Let’s hope that everyone has a happier, healthier 2013!

Happy New Year

Foxy

Holiday

Normally Helios and I stay at home over the Holidays and relax.  However, Helios and I are planning to go to his hometown on 27th December to see his family.  His father is dreadfully ill.  After several months of him going downhill and going in and out of hospital, and his mom trying to cope with him when he’s out of hospital, he’s finally gone into a nursing home.  His mom sounds a lot more like herself on the phone and his dad is getting the attention he needs.  It has been a struggle since his dad has had a number of infections and is now unable to walk at all.  I think his dad is still losing weight.  Anyway, I am bracing myself for the worst.  We will be coming home the afternoon of 30th after spending the morning with his mom on her birthday.  I’ve decided we can take the train for the journey – it will be more expensive than driving but I figure Helios and I can focus our attention on one another for the trips (4 hours each way) or read and relax.  I just want to be there for him, you know what I mean?

Foxy

What the doctor said…

I arrived early for my 8:30 appointment.  To be honest, I knew I needed to see the doctor again but didn’t know what I wanted from the appointment.  Normally, I have in mind what I want to get out of it and treat it like a business meeting.  I have a list of symptoms and have a rough idea of what to expect from each appointment.  This time, because I’ve been up and down and am on my second set of prescription anti-depressants, I wasn’t sure what to expect.  I knew I needed something but wasn’t sure what I wanted.

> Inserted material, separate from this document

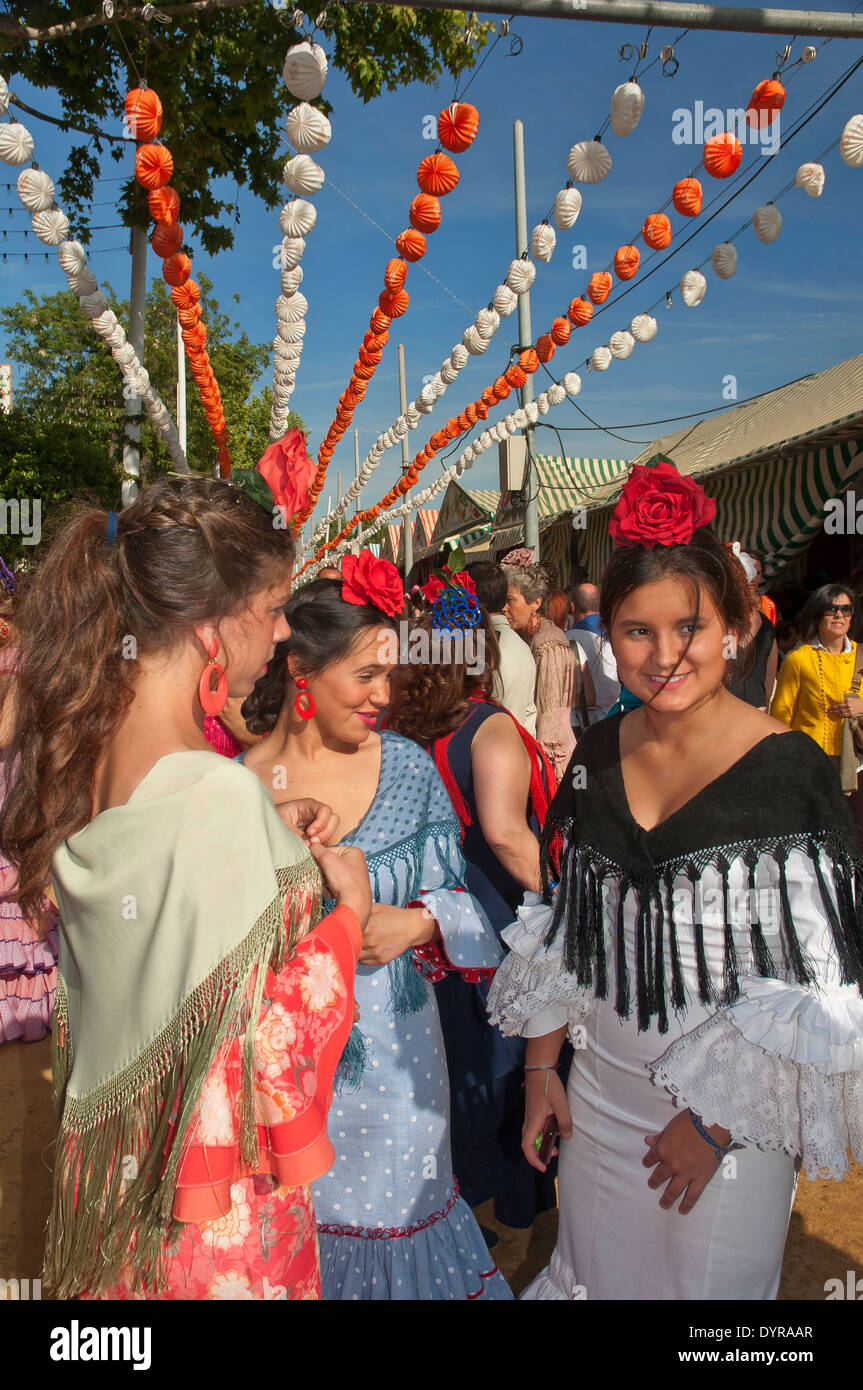Feria de Abril, las mujeres jóvenes vistiendo un traje flamenco tradicional, Sevilla, en la región de Andalucía, España, Europa Foto de stock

Basically I am still struggling with my emotions – anxiety and depression.  I feel down all the time and get apprehensive at the thought of going to work (even though work have been marvellous about supporting me through my health problems) and at the thought of doing anything outside my comfort zone.  I was painfully anxious about going to the doctor this morning and found myself wringing my hands in an effort to keep them from feeling sweaty!  I was so upset that I found myself feeling desperate for the toilet!

 I had noticed that my nausea had subsided a bit over the weekend but returned with a vengeance Sunday afternoon.  Taking this into consideration, the doc has given me more of the same tablets in the hope that, if I’m not feeling so anxious, the nausea will disappear.  I’m to take 20mg instead of 10mg at night.  We think that the current stomach trouble is due to anxiety rather than a side effect of the medication.  (Based mainly on how I’m reacting to remaining in my comfort zone.)  I’m not exactly delighted but strongly suspect she may be right.  I have been asked to attend another follow-up after the holidays and am satisfied that, at the very least, I’m being looked after properly.

As well as upping my tablets, I found a recommended website that I’m finding to be helpful.  There are links to books and other standard advice for handling depression and anxiety.  I’m not enthusiastic but don’t have much enthusiasm for anything at the moment.  It certainly looks good.

As well as seeing the doctor, I picked up the turkey this morning and fought my way through crowds to get some vegetables.  I wish I felt more festive.  Perhaps the tablets will kick in by New Year?